Pullela Gopichand on life lessons sports dish out, including facing failures.
“I wasn’t afraid to challenge people older or better than me. I was not afraid to lose.”
Yeo Jia Min shares how she progressed through the ranks as a youngster in Singapore.
“I just went blank. I’ve dreamed of this moment since I was nine.”
“Badminton has defined most of what I am today. It has shaped me, taught me, grounded me and shown me what dreaming big can do.”
Ajay Jayaram’s retirement post on his social media accounts.
“Gender does not define us. We have to be persistent, not lower our heads, must believe who we are and move forward for what we want.”
Pan Am Certified umpire Irma Villalpando’s strong message to women.
“Badminton is a big family and all the Ukrainian players received a lot of help. It’s amazing and I’m happy to be part of such a big family.”
Maria Ulitina on how fellow shuttlers helped soften the blow of the war back home in Ukraine.
“We had to travel for hours to find a court so my father constructed an indoor one on our land. If it wasn’t for him, I wouldn’t be here now.”
“The boys told me girls couldn’t beat guys. I persevered and eventually beat them all. They all quit then I had no one to play with but my coach.”
Former Canadian Olympian Milaine Cloutier remembers her early badminton journey.
“Besides studies, I also wanted her to be good in music and dancing. But she could not detach herself from badminton.”
The father of teenage Nepalese shuttler Rasila Maharjan about her obsession with the sport.
“Eugene is my service dog and best friend.”
“Badminton is like chess. You need to read the game and your opponent. It’s not like a 100m race where you just focus on yourself and run.”
New Zealand’s Wojtek Czyz, a multiple Paralympic medallist in track and field.
“It was a huge rush meeting deaf people from all over, knowing I wasn’t the only deaf person playing badminton.”
Judy Yang on competing at her first international tournament, representing USA at the Deaflympics in Brazil.
“Nothing impossible once you are on a badminton court. Anything can be achieved.”
“When the team got announced, we created a Whatsapp group titled ‘It’s Coming Home’. So yes, we always thought we were capable, we only had to be consistent.”
Captain Kidambi Srikanth after India won the Thomas Cup for the very first time.
“We were equals figuring out our Olympic journey. Ours is a special bond we will share for a lifetime.”

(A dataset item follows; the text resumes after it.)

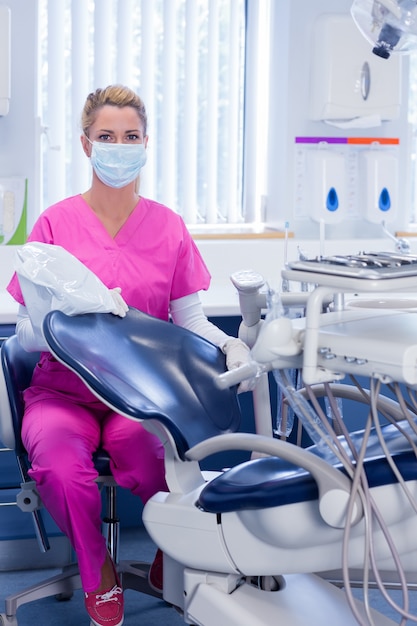 Dentist in pink scrubs looking at camera beside chair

“No matter how my status changes, I will always be committed to the development and promotion of badminton.”
New BWF Hall of Famer Zhao Yunlei confirms she is not finished in the sport just yet.
“I’m still Syrian, and also Dutch. I’ve got used to living here and it’s given me a lot of stability in life.”
Tokyo 2020 refugee team member Aram Mahmoud on being granted citizenship in the Netherlands.